2. Manage Your Credit Utilisation
- Keep balances below 30% of your limit: High utilisation signals stress, even if you pay in full. Paying down before your statement date can help.
- Ask for a limit increase (carefully): A higher limit lowers your utilisation ratio if you don’t increase spending — but only request it if your repayment record is solid.
- Don’t max out cards: Running cards to the limit is one of the fastest ways to push the “amounts owed” component against you.
3. Be Strategic About New Applications
- Space out applications: New credit is 14% of the score. Several applications in a short window looks like cash-flow trouble. Avoid applying for multiple cards or loans at once.
- Keep older accounts open: Length of history counts (7%). Closing your oldest card can shorten your average account age — think twice before cancelling it.
- Keep a healthy mix: A blend of revolving (cards) and instalment (loans) credit, managed well, supports the 14% credit-mix component. Don’t open accounts just for variety, though.
4. Review and Dispute Errors
- Check regularly: Review your CTOS and CCRIS reports for inaccuracies — duplicate entries, settled accounts still showing as owing, or records that aren’t yours.
- File a dispute with evidence: You can raise a dispute through MyCTOS. Attach proof (receipts, settlement letters, bank statements). Under the Credit Reporting Agencies Act 2010, CTOS investigates and responds within 21 working days.
- Be patient with the source: Corrections happen at source — the bank, court or registry that supplied the data must update it.
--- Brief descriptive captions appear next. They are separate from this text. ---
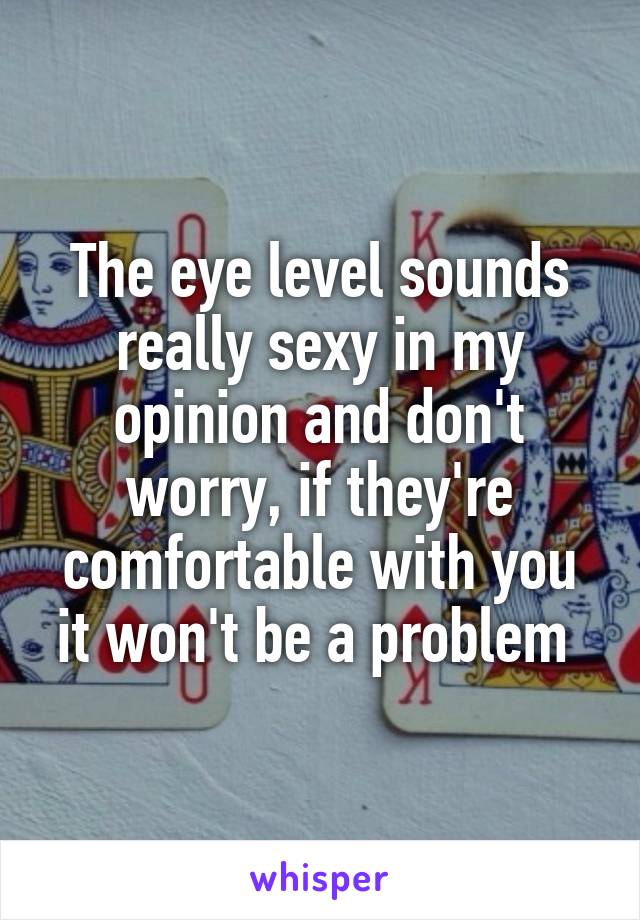 The eye level sounds really sexy in my opinion and don't worry, if they're comfortable with you it won't be a problem 
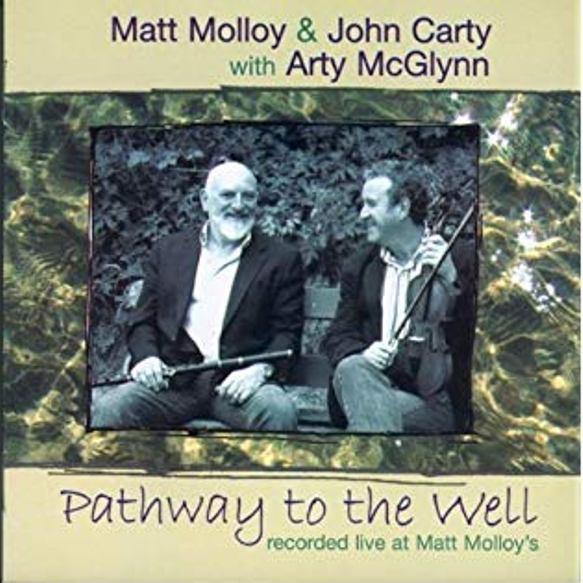 Matt Molloy & John Carty With Arty McGlynn - Pathway To The Well - Cd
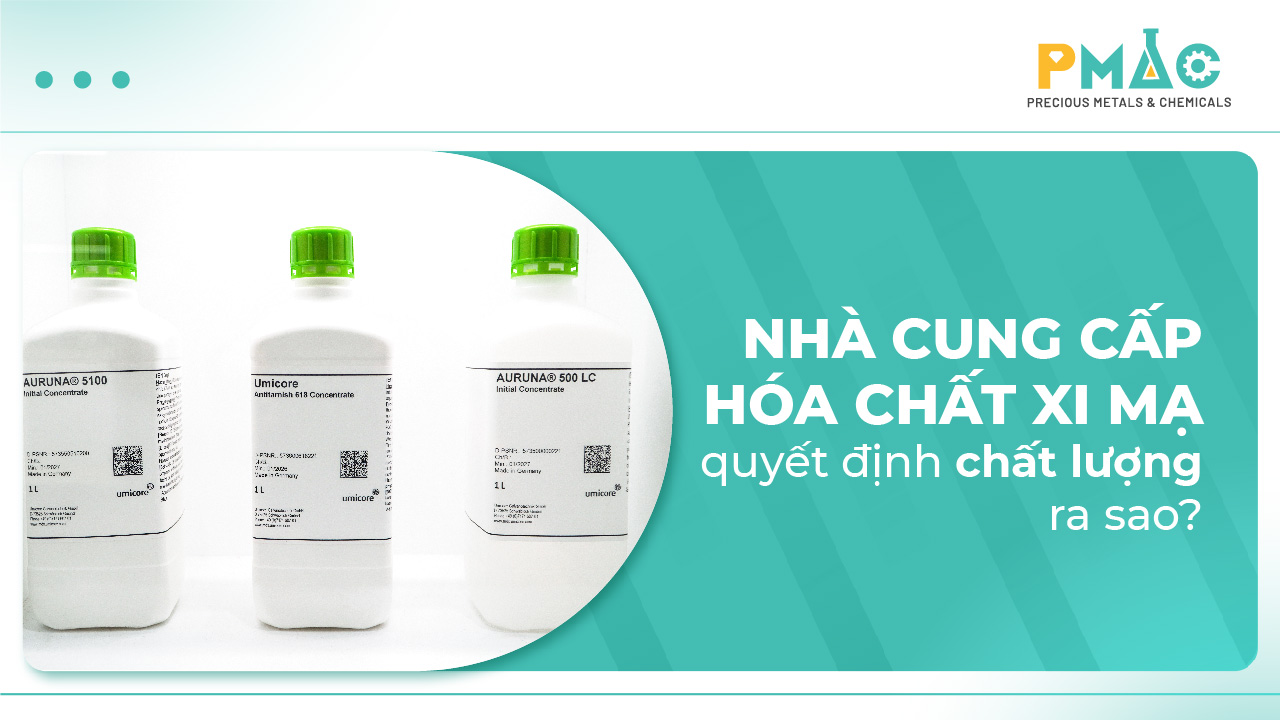 Nhà cung cấp hóa chất xi mạ quyết định chất lượng sản phẩm ra sao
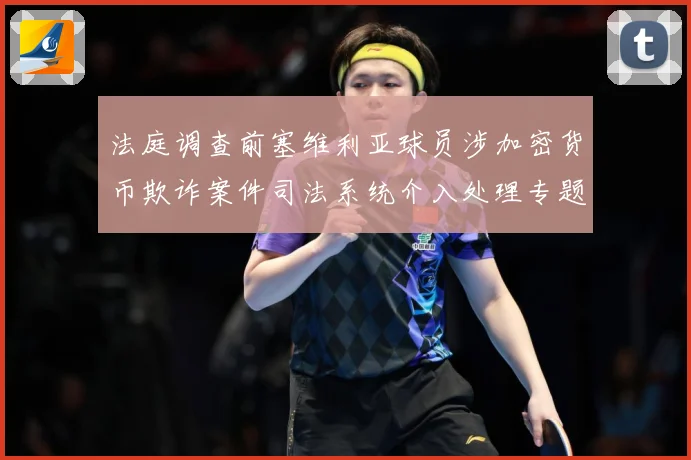 法庭调查前塞维利亚球员涉加密货币欺诈案件司法系统介入处理专题观察：最新赛事动态与深度分析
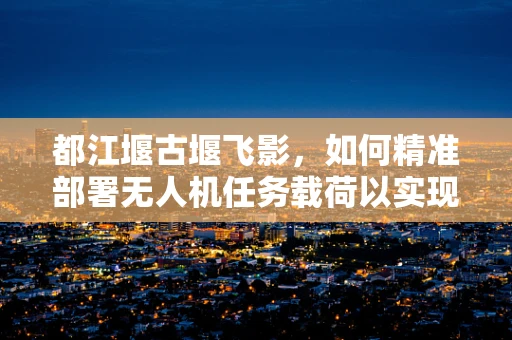 都江堰古堰飞影，如何精准部署无人机任务载荷以实现文化遗产监测？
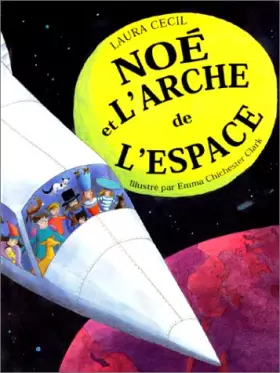Couverture du produit · Noé et l'arche de l'espace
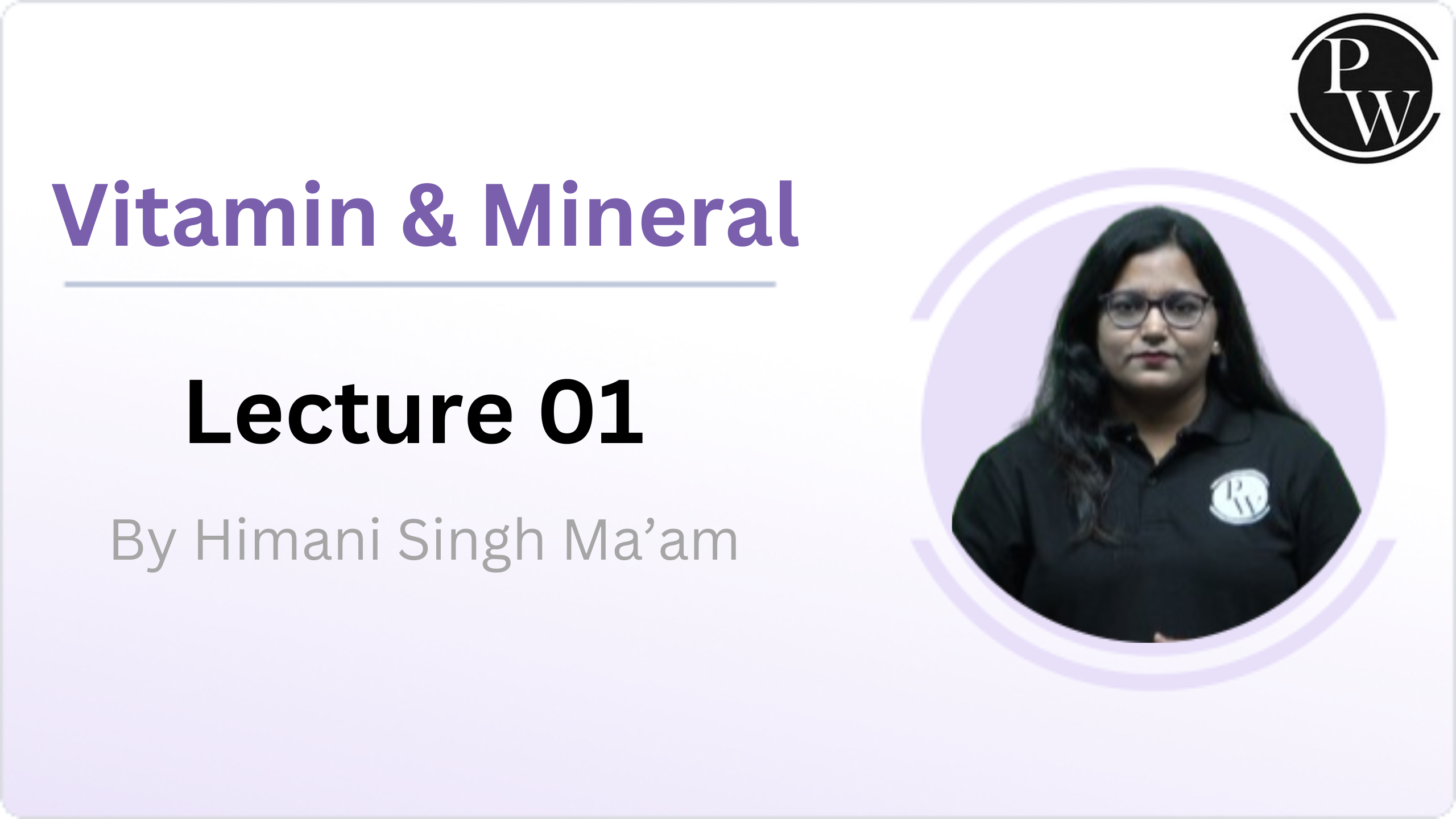 Vitamin & Mineral : Lecture 01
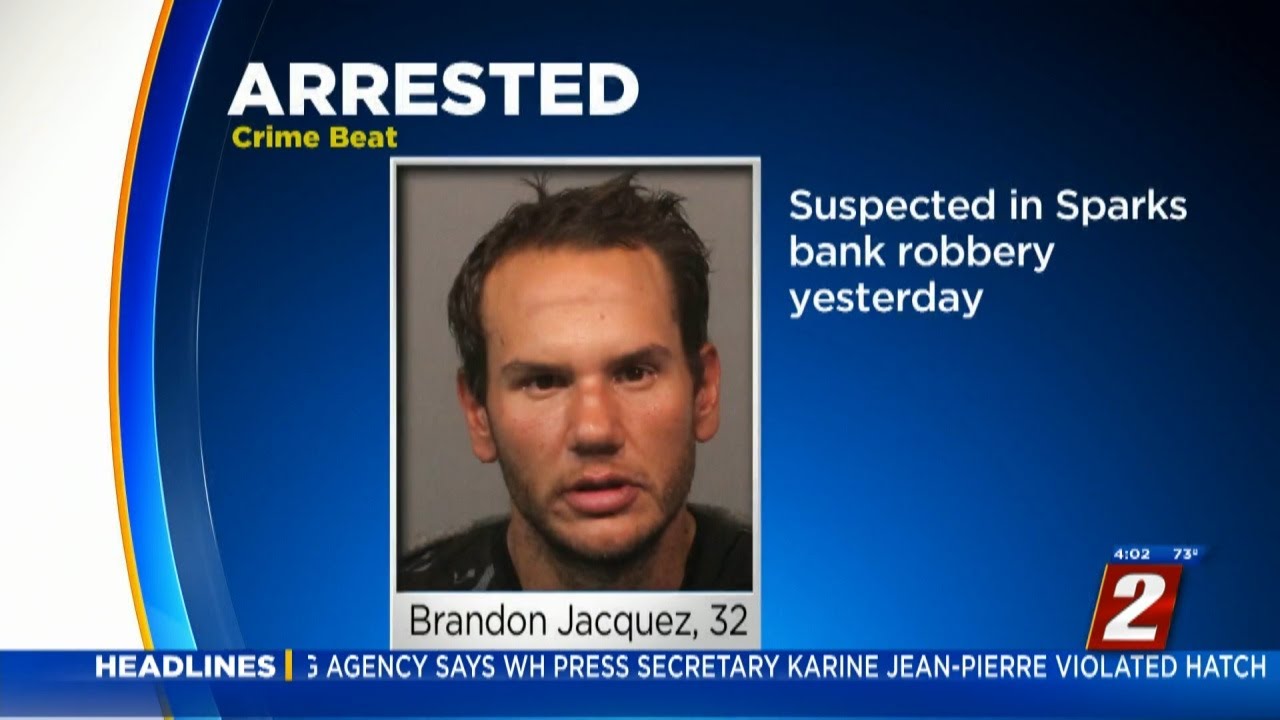 Sparks Police Arrest Bank Robbery Suspect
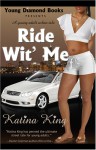 Ride Wit' Me: A Young Adult Urban Tale - Katina King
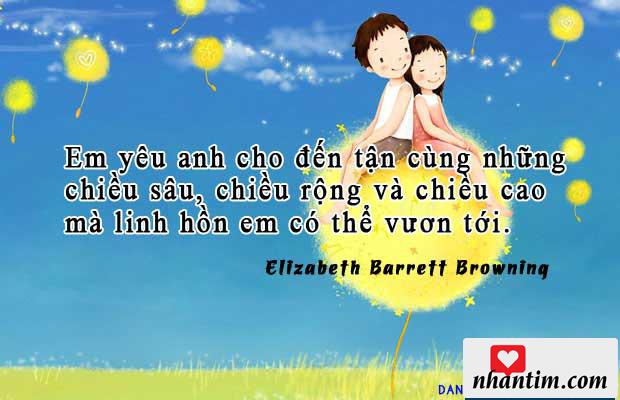 Em yêu anh cho đến tận cùng những chiều sâu, chiều rộng và chiều cao mà linh hồn em có thể vươn tới.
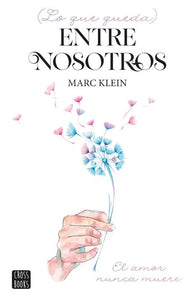 Lo que queda entre nosotros	- Marc Klein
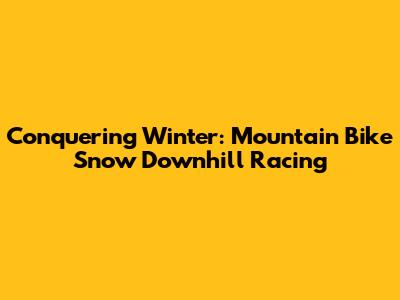 Conquering Winter: Mountain Bike Snow Downhill Racing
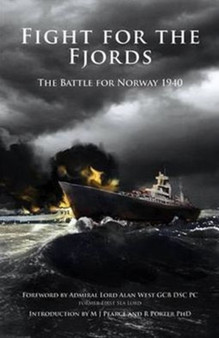 Fight for the Fjords : The Battle for Norway 1940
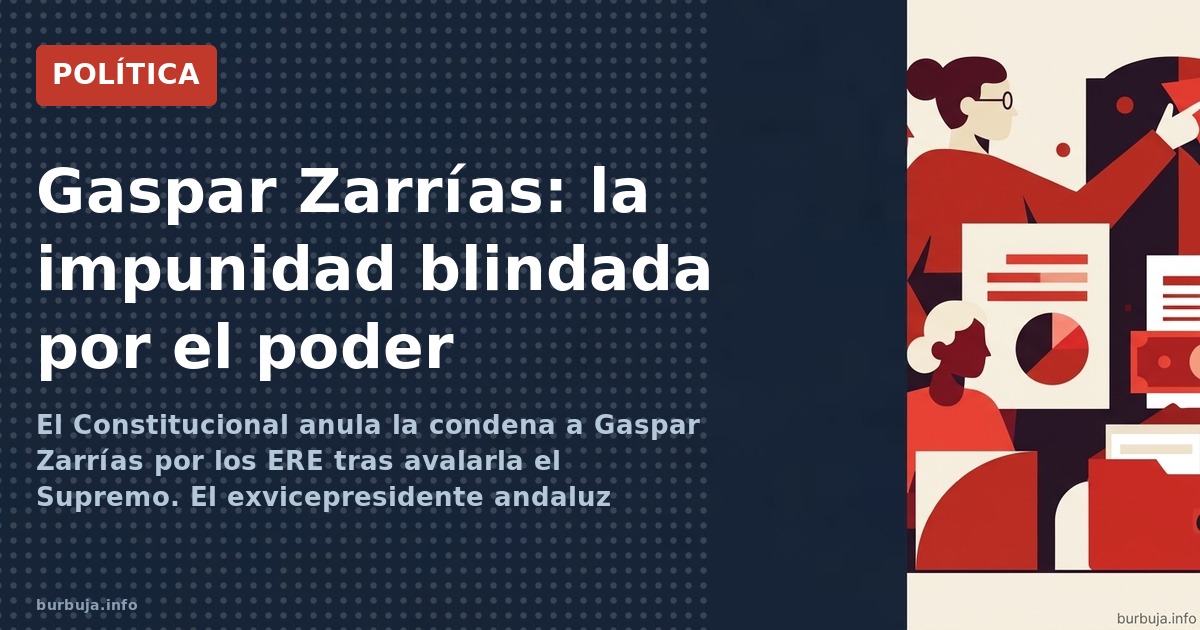 El Constitucional anula la condena a Gaspar Zarrías por los ERE tras avalarla el Supremo. El exvicepresidente andaluz esquiva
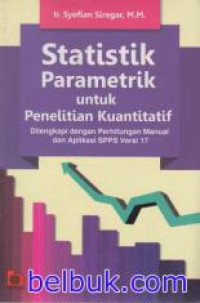 Image of Statistik Parametrik untuk Penelitian Kualitatif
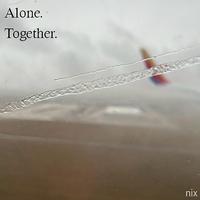 Alone. Together.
Because CCRIS refreshes monthly, even a confirmed fix can take a cycle to flow through to your score.
Read also: Best Personal Loans in Malaysia · Best Credit Cards in Malaysia
Overcoming Common CTOS Challenges
What to Do After a Loan Rejection
A rejection is frustrating, but it’s a chance to find and fix the weak spot:
- Ask why: Lenders won’t always volunteer it, but you can ask which factor weighed against you — score, DSR, or a CCRIS record.
- Pull your own reports: Check both CTOS and CCRIS for errors or a forgotten arrears entry that may have triggered the decline.
- Fix DSR, not just the score: Often the issue isn’t your score but your debt service ratio — too much existing debt relative to income. Paying down a balance or consolidating with a balance transfer can help.
- Rebuild, then reapply: Give it a few months of clean repayments before trying again, rather than applying repeatedly (which adds new-credit inquiries).
Recovering From a Default or AKPK Status
- Settle and get it documented: After clearing a default, obtain a letter confirming settlement and make sure it reflects in CCRIS/CTOS.
- Consider AKPK: The Credit Counselling and Debt Management Agency (AKPK), set up by Bank Negara, offers free debt-management help. Being under AKPK can affect new financing while active, but it’s a structured path back to stability.
- Stay consistent: Negative records age out over time; a steady run of on-time payments gradually outweighs old damage.
Frequently Asked Questions
Conclusion
Your CTOS Score shapes the financing you can access and the rates you’ll pay, but it isn’t a mystery and it isn’t fixed. Check it regularly — your CCRIS report is free from Bank Negara, and the full CTOS Score Report is a small fee well worth paying before any big application. Then focus where it counts: pay on time, keep balances low, space out new applications, and dispute genuine errors. Build those habits and your score will follow.
Disclaimer: This article is provided by KayaToday for general information only and is not financial advice. Credit-scoring criteria, report pricing and access methods change — always verify the latest details directly with CTOS and Bank Negara Malaysia before making decisions. Verified June 2026.